Task directions -
An exact reproduction of the listing, minus the pictures, is the required output.

Exercise inputs -
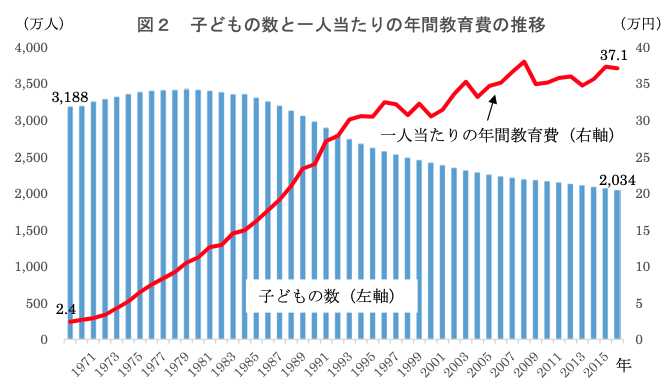 子どもの数と一人当たりの教育費の推移（参議院調査室より）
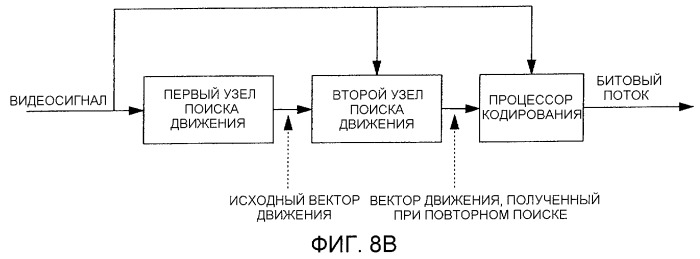 Способ и устройство нахождения вектора движения, программа и носитель записи для хранения программы (патент 2420913)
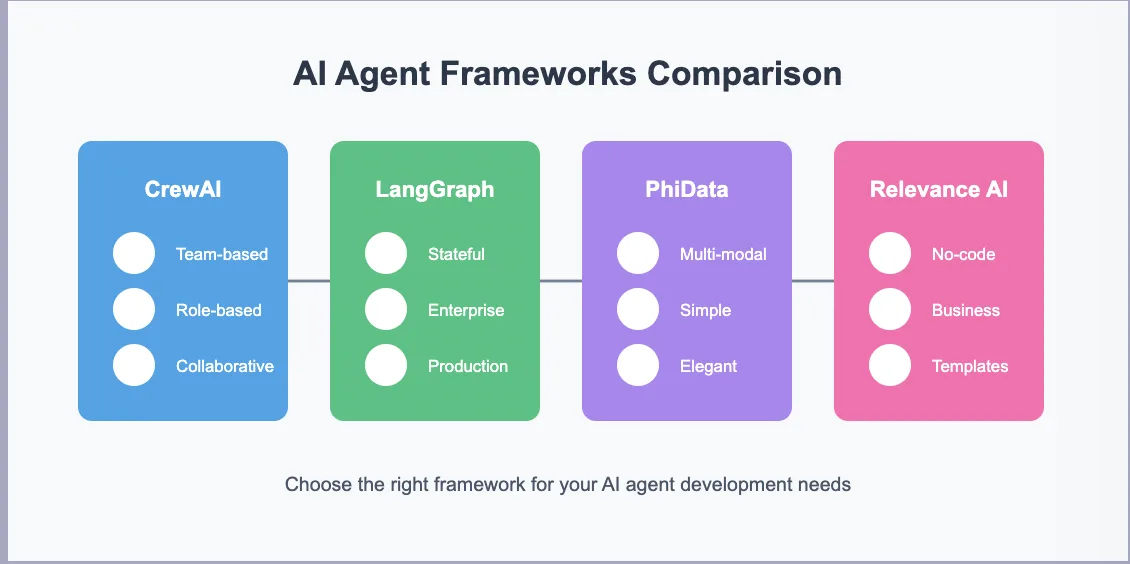 Relevance AI in action, ai agents AI tool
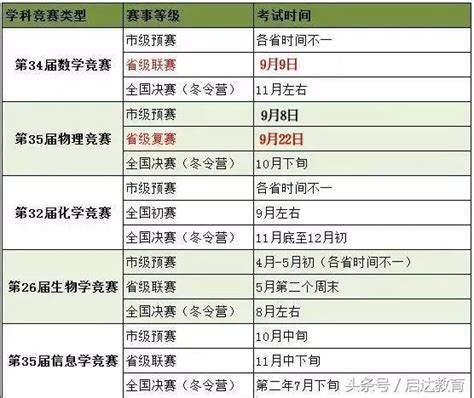 自主招生丨2018年五大學科競賽預告，准高二、高三必看！ 每日頭條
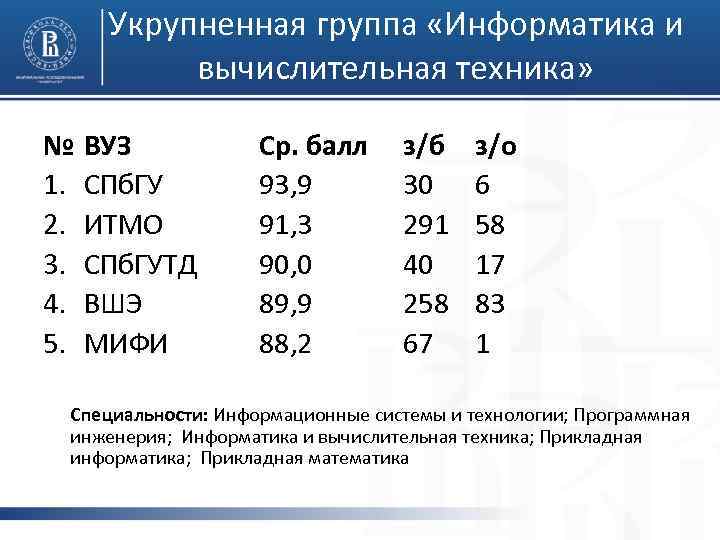 Укрупненная группа «Информатика и вычислительная техника» № 1. 2. 3. 4. 5. ВУЗ СПб.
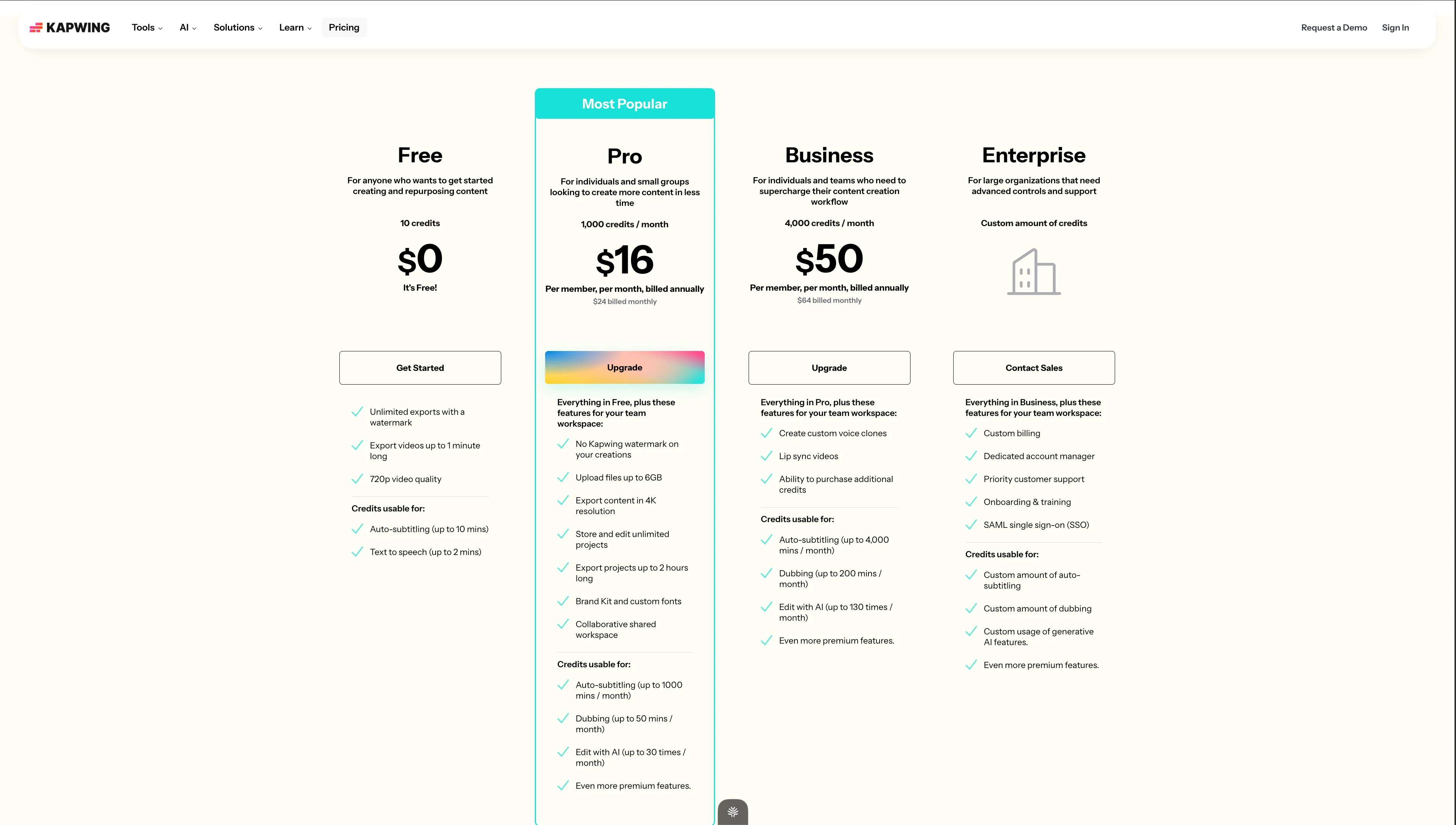 Kapwing pricing page showing four tiers: Free at $0 with 10 credits, Pro at $16/month with 1000 credits, Business at $50/month with 4000 credits, and Enterprise with custom pricing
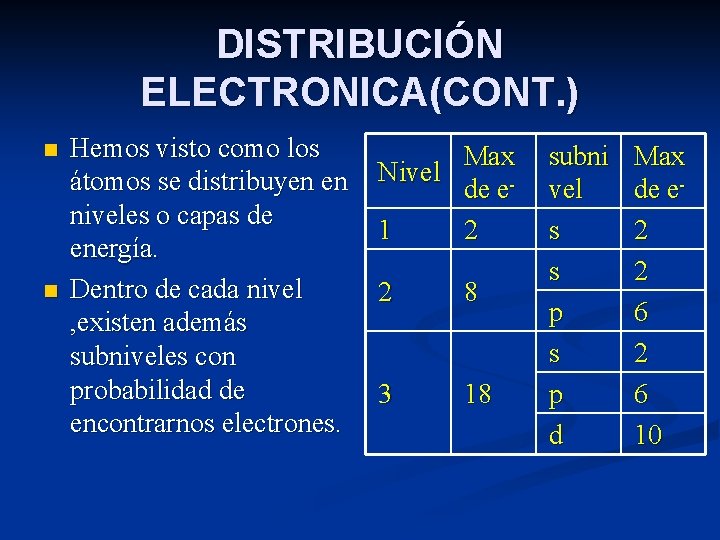 DISTRIBUCIÓN ELECTRONICA(CONT. ) n n Hemos visto como los átomos se distribuyen en niveles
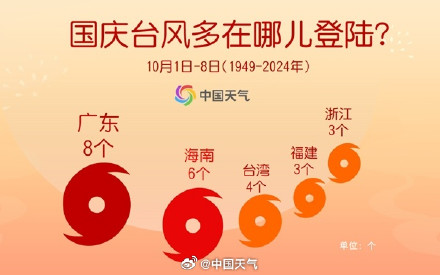 21号台风麦德姆即将生成 常年国庆期间台风偏爱登陆哪里？
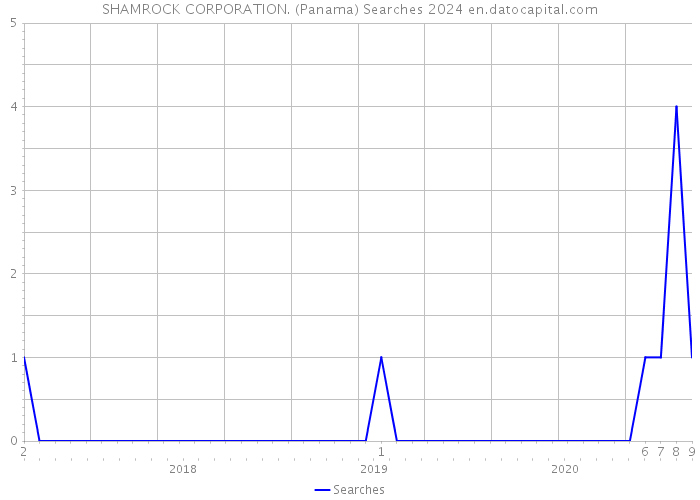 SHAMROCK CORPORATION. (Panama) Searches 2024 
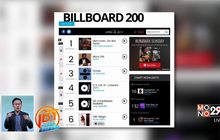 อัลบั้มใหม่ The Chainsmokers ขึ้นอันดับ 1 บิลบอร์ด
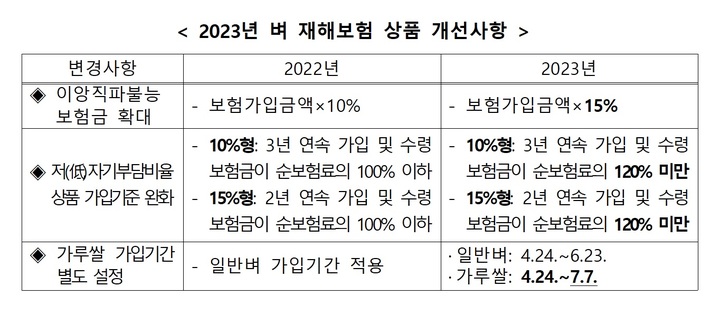 [세종=뉴시스] 벼 농장물재해보험 상품 개선. *재판매 및 DB 금지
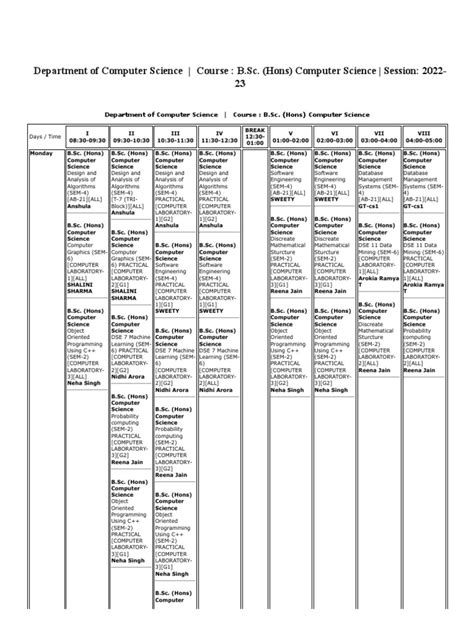 Department Of Computer Science Course Bsc Hons Computer Science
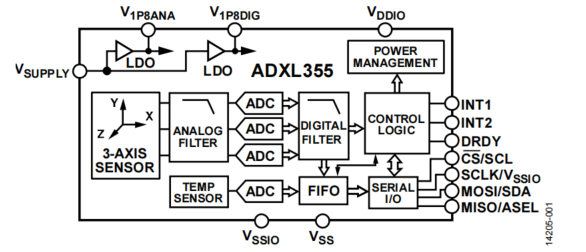 ADXL355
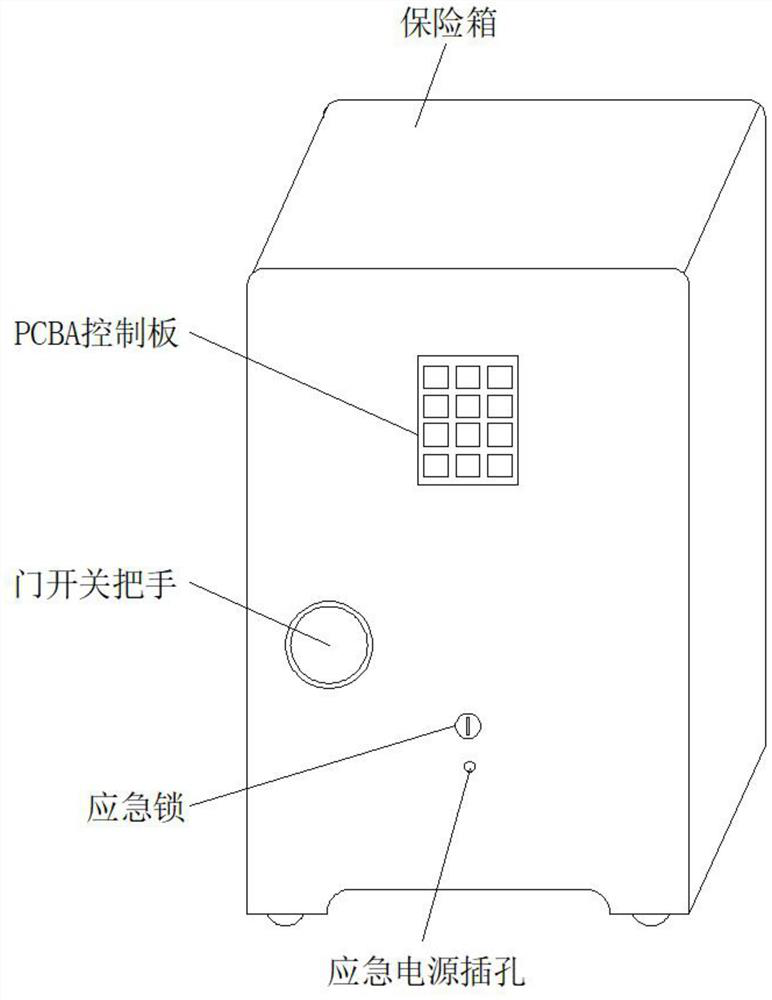 Method and system for opening box without networking dynamic password verification authorization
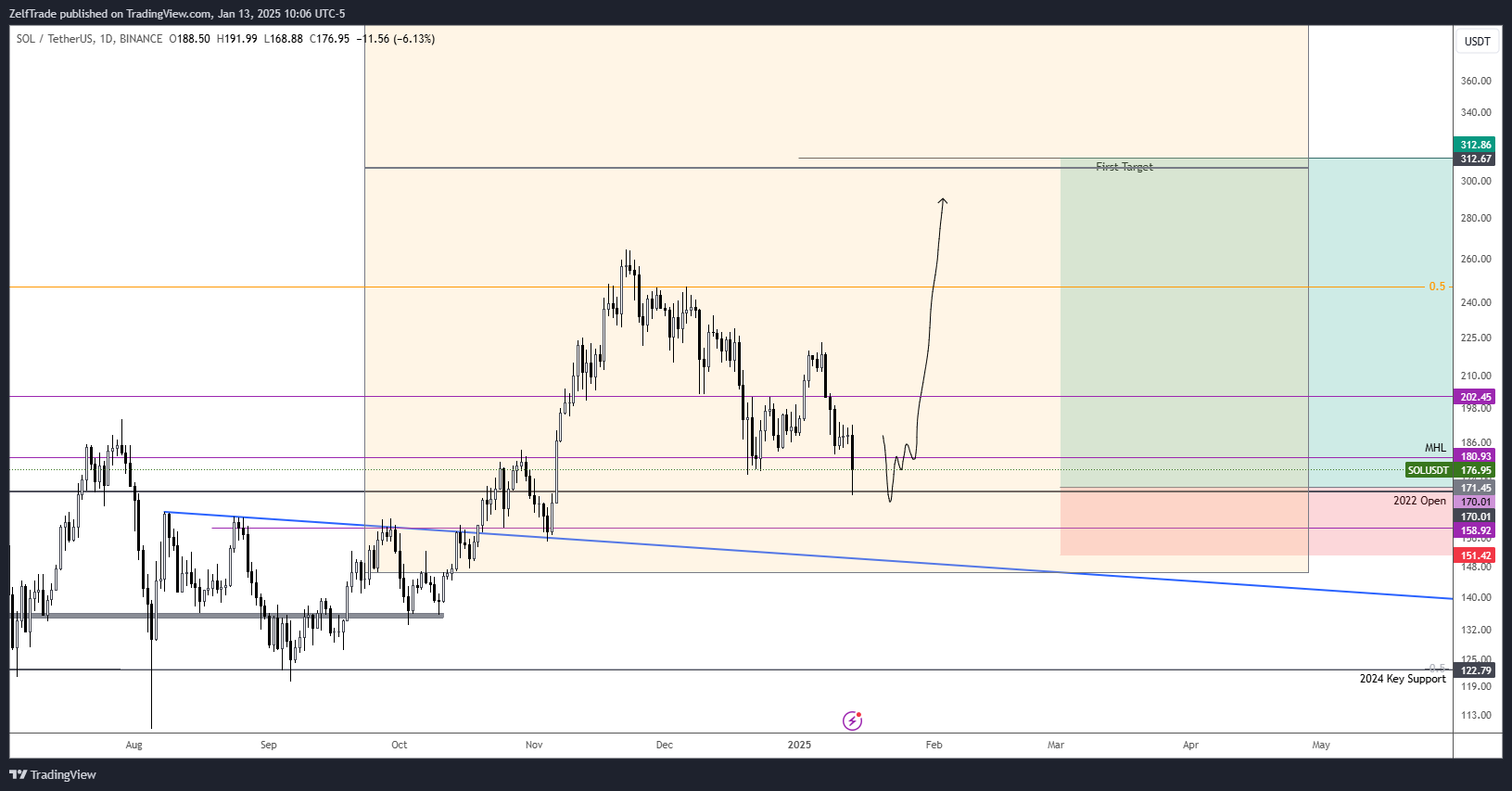 BINANCE:SOLUSDT Chart Image by ZelfTrade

Reply to the exercise -
 子どもの数と一人当たりの教育費の推移（参議院調査室より）
 Способ и устройство нахождения вектора движения, программа и носитель записи для хранения программы (патент 2420913)
 Relevance AI in action, ai agents AI tool
 自主招生丨2018年五大學科競賽預告，准高二、高三必看！ 每日頭條
 Укрупненная группа «Информатика и вычислительная техника» № 1. 2. 3. 4. 5. ВУЗ СПб.
 Kapwing pricing page showing four tiers: Free at $0 with 10 credits, Pro at $16/month with 1000 credits, Business at $50/month with 4000 credits, and Enterprise with custom pricing
 DISTRIBUCIÓN ELECTRONICA(CONT. ) n n Hemos visto como los átomos se distribuyen en niveles
 21号台风麦德姆即将生成 常年国庆期间台风偏爱登陆哪里？
 SHAMROCK CORPORATION. (Panama) Searches 2024 
 อัลบั้มใหม่ The Chainsmokers ขึ้นอันดับ 1 บิลบอร์ด
 [세종=뉴시스] 벼 농장물재해보험 상품 개선. *재판매 및 DB 금지
 Department Of Computer Science Course Bsc Hons Computer Science
 ADXL355
 Method and system for opening box without networking dynamic password verification authorization
 BINANCE:SOLUSDT Chart Image by ZelfTrade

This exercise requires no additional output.